119. En conséquence, compte tenu de la gravité des pratiques anticoncurrentielles mises en œuvre par les sociétés du groupe Decaux et de la prolongation de ces pratiques malgré les injonctions décidées par le Conseil, ce qui confère à l'ensemble une gravité exceptionnelle, le Conseil a décidé d'infliger aux sociétés du groupe Decaux des sanctions pécuniaires d'un montant global de 10 millions d'euro.
Décision
Article 1er : Il est établi que les sociétés JC Decaux SA, JC Decaux Mobilier Urbain, SOMUPI, SOPACT et SEMUP n'ont pas exécuté les injonctions prononcées par le Conseil de la concurrence dans sa décision du 7 juillet 1998.

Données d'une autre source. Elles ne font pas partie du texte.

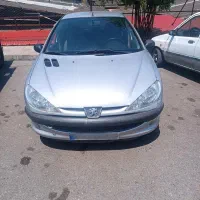 206تیپ2 بدونه رنگ|خودرو سواری و وانت|گتاب, |دیوار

Article 2 : Sont infligées les sanctions pécuniaires suivantes :
* à la société JC Decaux SA une sanction de 6 400 000 euro ;
* à la société JC Decaux Mobilier Urbain une sanction de 2 750 000 euro ;
* à la société SOMUPI une sanction de 250 000 euro ;
* à la société SOPACT une sanction de 170 000 euro ;
* à la société SEMUP une sanction de 430 000 euro ;
Article 3 : Dans un délai de deux mois à compter de la notification de la présente décision, la société JC Decaux SA adressera une lettre à chacune des collectivités avec lesquelles les sociétés du groupe Decaux entretiennent des relations contractuelles. Le texte de cette lettre comportera, exclusivement, les visas de la présente décision, le texte énoncé aux paragraphes n° 114 à n°119 et le dispositif, sous le titre : " Décision n° 05-D-36 du 30 juin 2005 relative au respect par le groupe Decaux des injonctions prononcées par le Conseil de la concurrence le 7 juillet 1998 ". Cette lettre sera en format A4 et en caractères Times New Roman de dimension 12, noirs sur fond blanc.

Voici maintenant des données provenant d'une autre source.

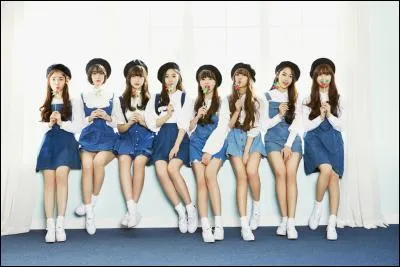 Quel est ce groupe ?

Article 4 : La société JC Decaux SA fera publier les visas de la présente décision, le texte énoncé aux paragraphes n°113 à n°119 et les articles 1er et 2 du dispositif, dans " La Gazette des communes, des départements et des régions ". Cette publication sera effectuée en caractère gras, noirs sur fond blanc de 5 millimètres de hauteur dans un encadré sous le titre : " Décision n° 05-D-36 du 30 juin 2005 relative au respect par les sociétés du groupe Decaux des injonctions prononcées par le Conseil de la concurrence le 7 juillet 1998".
Article 5 : La société JC Decaux SA adressera au bureau de la procédure du Conseil, au plus tard le 20 octobre 2005, copie de la publication prévue à l'article 4, dès sa parution et au plus tard le 20 octobre 2005.